For Coral, she has to be lovable bully–where you’re afraid of her, but you also want to hang out with her. Some of the other characters are just batshit crazy and perhaps out to lunch. They keep us in check. Before the session, they’ll play for us these reference tracks of stuff we’ve done before. So we can get it right.
Gig Patta: I’m assuming when you do your voiceover work, you’re alone in the booth, and you don’t get to bounce off ideas off of each other, right?
Alanna Ubach: It’s interesting. Over the years, back when I was in my early thirties, it was very common to be in the same room with everyone. Nowadays, everyone is busy doing so much [work]. Pre-Internet, I found myself doing a lot of group recordings. Nowadays, it’s quite rare. It’s a very solitary experience.
Tara Strong: For me, it just depends on the show. In some shows, we still work together with Teen Titans with the full cast. We did Rocky and Bullwinkle in a full cast. In a feature film, you do it alone. In a video game, you do alone. Sometimes animations, you do it alone.

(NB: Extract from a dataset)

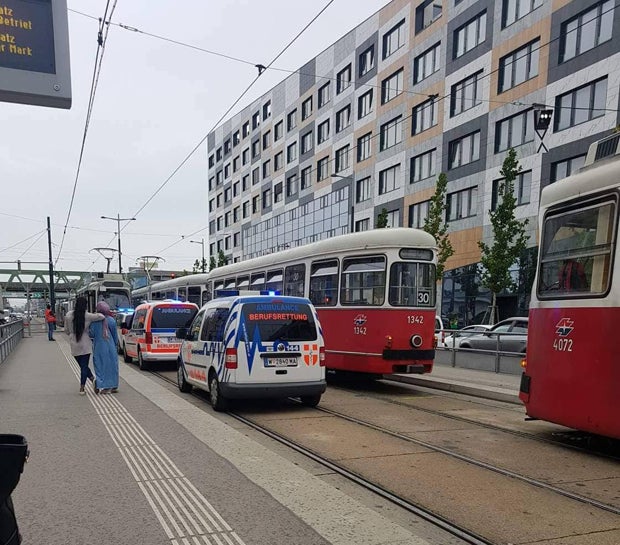 Crash mit Straßenbahn in Wien - Frau (29) ringt mit dem Tod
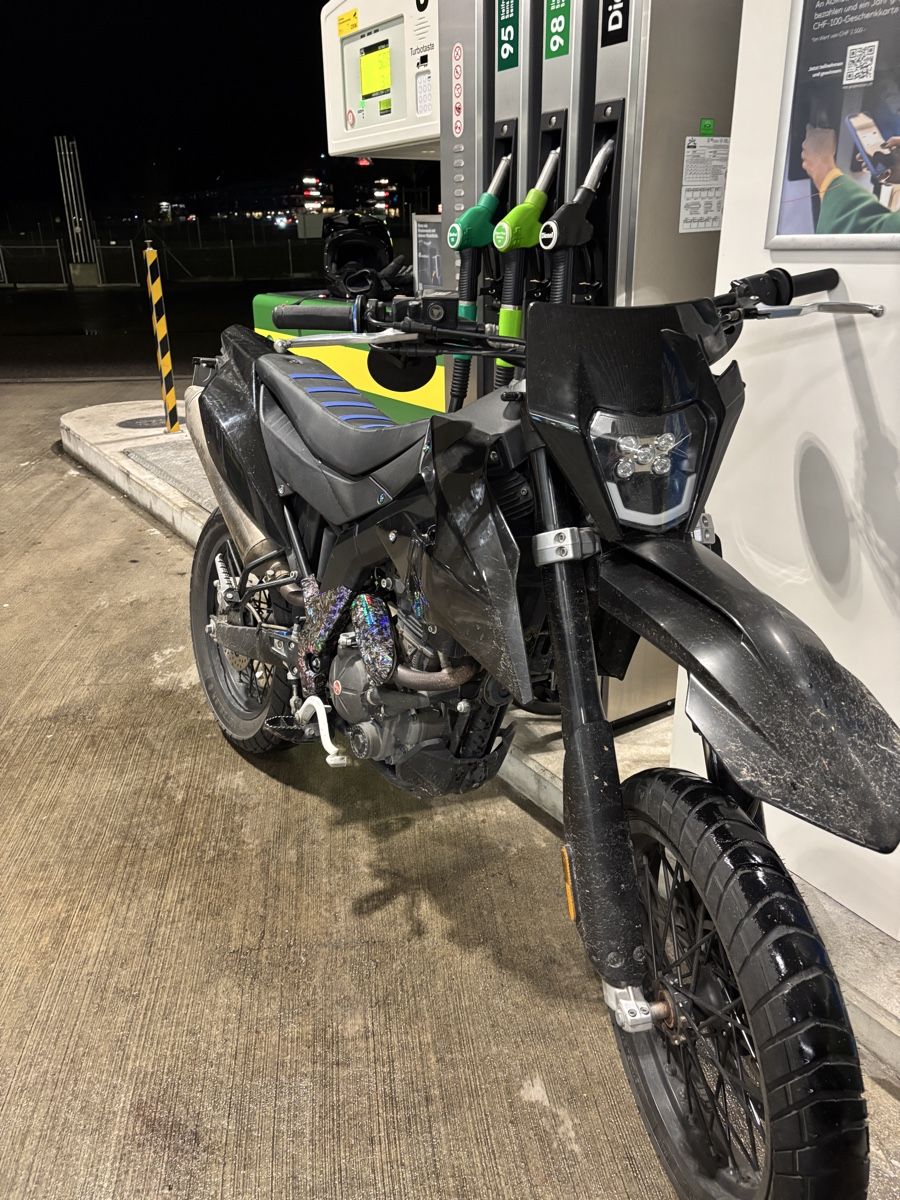 Aprilia Strasse: Aprilia sx125 – Gebraucht aus Ersigen von _Claude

It’s always way more fun to be able to play off each other and listen to each other. On this show, we haven’t got the chance to work together.
Alanna Ubach: Maybe, we will one day if it goes to the second season. We’ll see.
Gig Patta: Does it leave room for improv? Is it challenging to do it by yourself?
Tara Strong: We get to improv a little. The scripts are so well fleshed out and well-written. Within our characters, sometimes we’re like it be more her to say it this way or add some other lines. They let us play a little bit for the most part. We stick to the script.
Gig Patta: One last question, since you mentioned that you are married with children. Would you ever allow your children to watch Crossing Swords?
Tara Strong: Well, mine are 18 and 16. So, yes. They already watched it, loved it, and laughed a lot. It’s a little bit of a different situation. [Laughs].
Alanna Ubach: I have a two and a half-year-old. That’s a definite no. Maybe I’ll give him the entire DVD collection when he’s 16.
Tara Strong: I don’t think they’ll have DVDs in the future. [Laughs]
Gig Patta: Congratulations once again. Thank you for speaking with me.
Crossing Swords is currently streaming on Hulu today.